**WHAT NEEDS TO BE DONE**. Take the lines below between the one holding "Candy Bag handbag" and the one holding "Kelfanio Alves Maciel", inclusive, and copy them exactly. Add nothing.
Top of DATA RECORDS
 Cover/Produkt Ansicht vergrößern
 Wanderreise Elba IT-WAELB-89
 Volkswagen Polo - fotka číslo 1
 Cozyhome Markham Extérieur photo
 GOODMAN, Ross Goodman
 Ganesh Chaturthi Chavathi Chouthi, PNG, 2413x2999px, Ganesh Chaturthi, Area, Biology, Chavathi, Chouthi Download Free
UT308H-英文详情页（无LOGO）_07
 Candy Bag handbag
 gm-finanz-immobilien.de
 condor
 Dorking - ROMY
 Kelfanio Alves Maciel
Bottom of DATA RECORDS
Top of DATA RECORDS
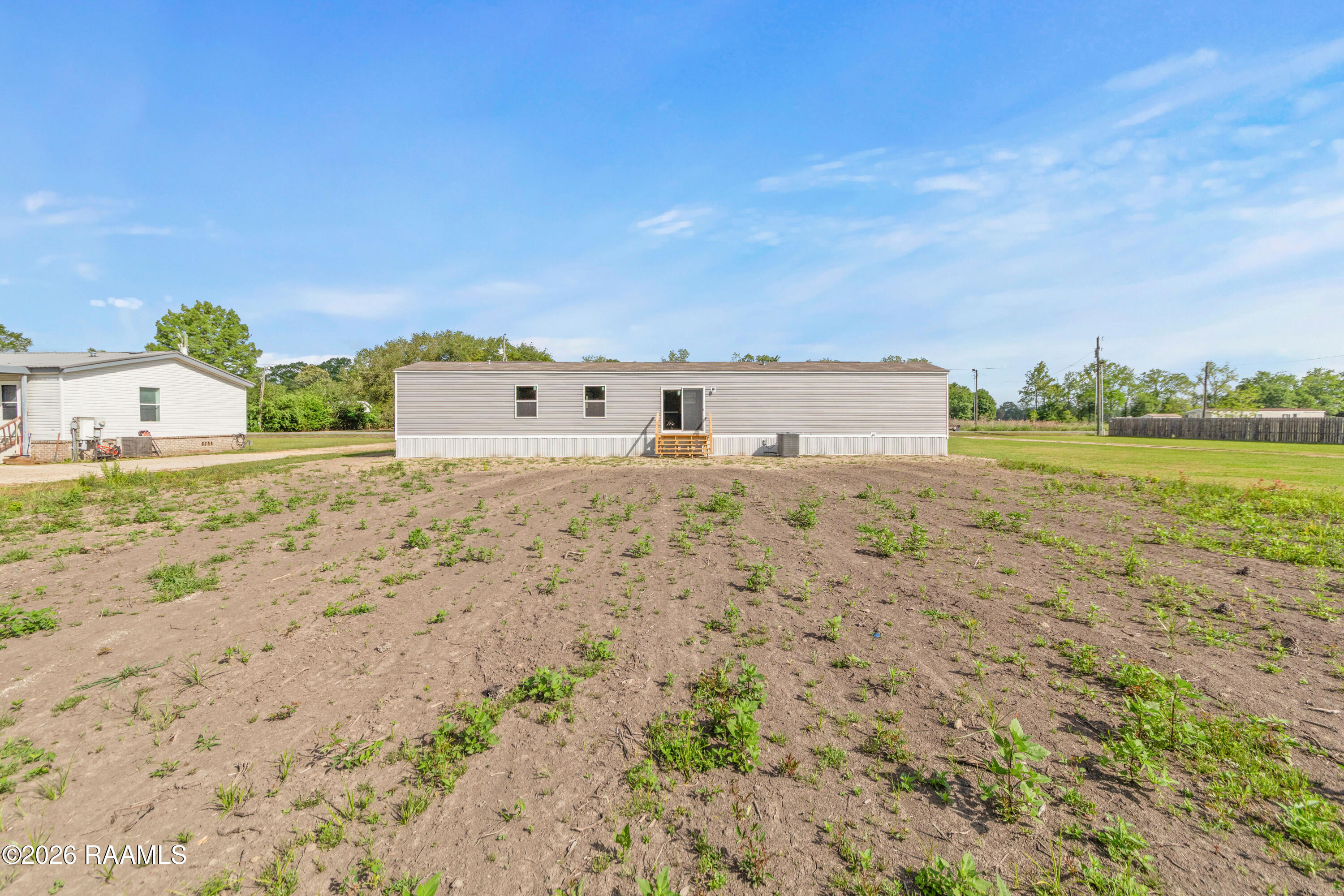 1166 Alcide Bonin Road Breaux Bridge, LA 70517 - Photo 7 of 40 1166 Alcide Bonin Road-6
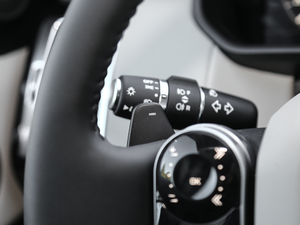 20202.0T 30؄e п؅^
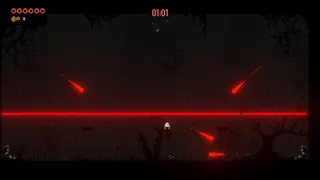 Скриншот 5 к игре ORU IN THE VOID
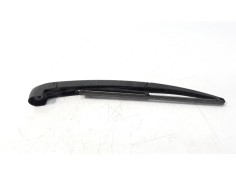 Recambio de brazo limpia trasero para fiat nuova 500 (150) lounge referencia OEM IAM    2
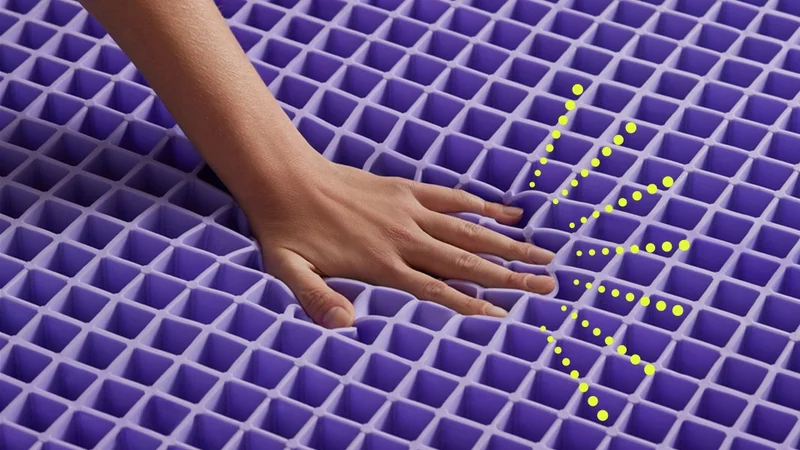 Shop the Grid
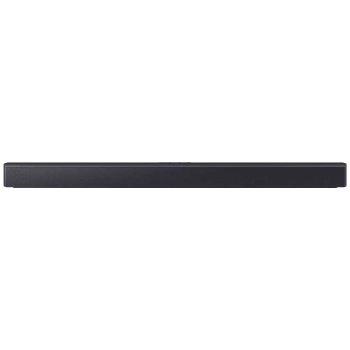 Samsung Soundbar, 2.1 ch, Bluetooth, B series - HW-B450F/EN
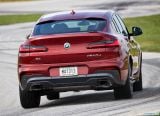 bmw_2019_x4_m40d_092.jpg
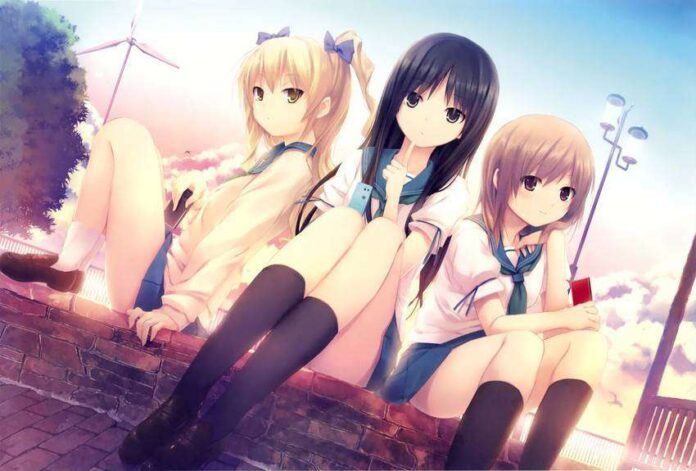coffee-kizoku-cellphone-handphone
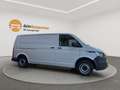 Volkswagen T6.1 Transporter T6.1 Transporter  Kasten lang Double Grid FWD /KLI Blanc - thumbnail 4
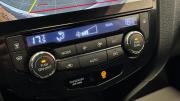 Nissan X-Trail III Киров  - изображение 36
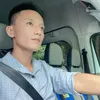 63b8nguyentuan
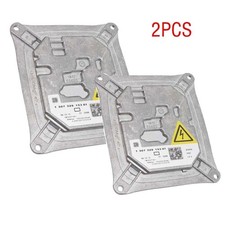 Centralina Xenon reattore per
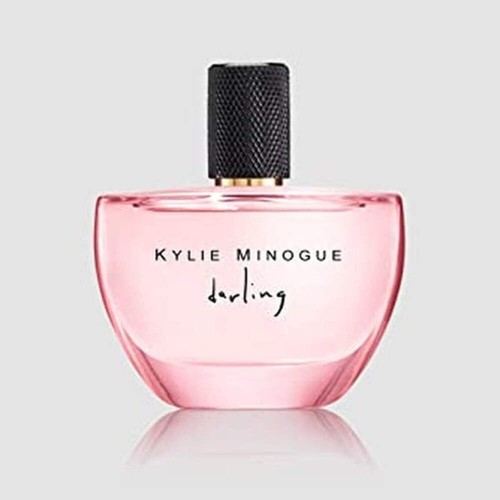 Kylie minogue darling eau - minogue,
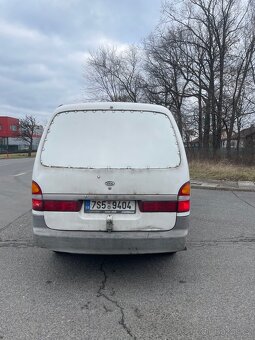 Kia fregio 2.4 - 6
Bottom of DATA RECORDS
Top of DATA RECORDS
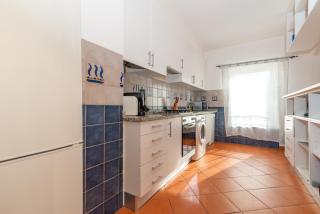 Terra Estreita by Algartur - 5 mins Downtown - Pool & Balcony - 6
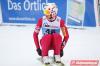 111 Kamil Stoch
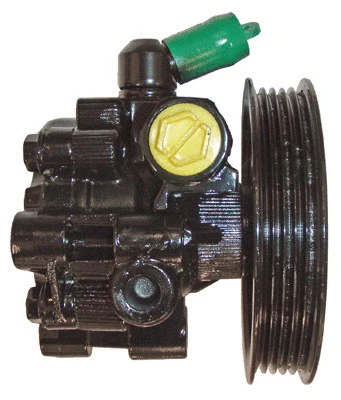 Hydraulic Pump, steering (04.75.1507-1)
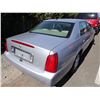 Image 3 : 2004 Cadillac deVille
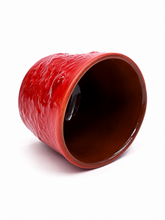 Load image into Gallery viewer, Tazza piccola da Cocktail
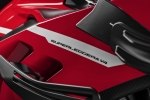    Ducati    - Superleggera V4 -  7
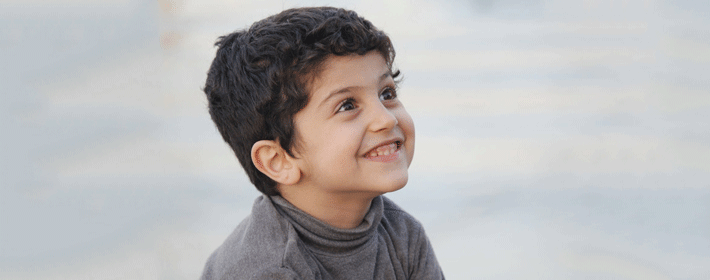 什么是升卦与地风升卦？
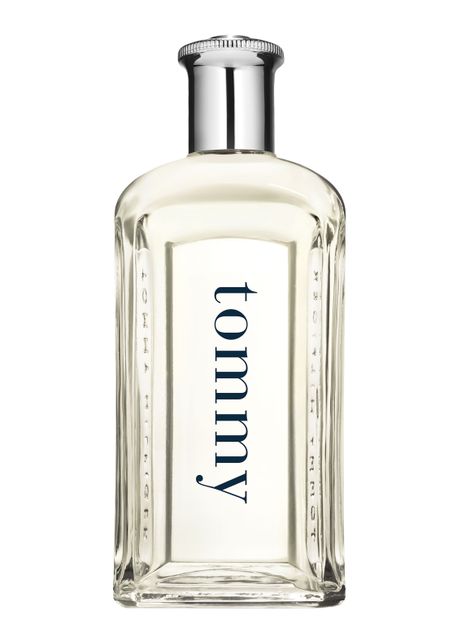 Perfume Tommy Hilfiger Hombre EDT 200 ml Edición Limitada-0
Bottom of DATA RECORDS
**EXERCISE RESPONSE**.
 Candy Bag handbag
 gm-finanz-immobilien.de
 condor
 Dorking - ROMY
 Kelfanio Alves Maciel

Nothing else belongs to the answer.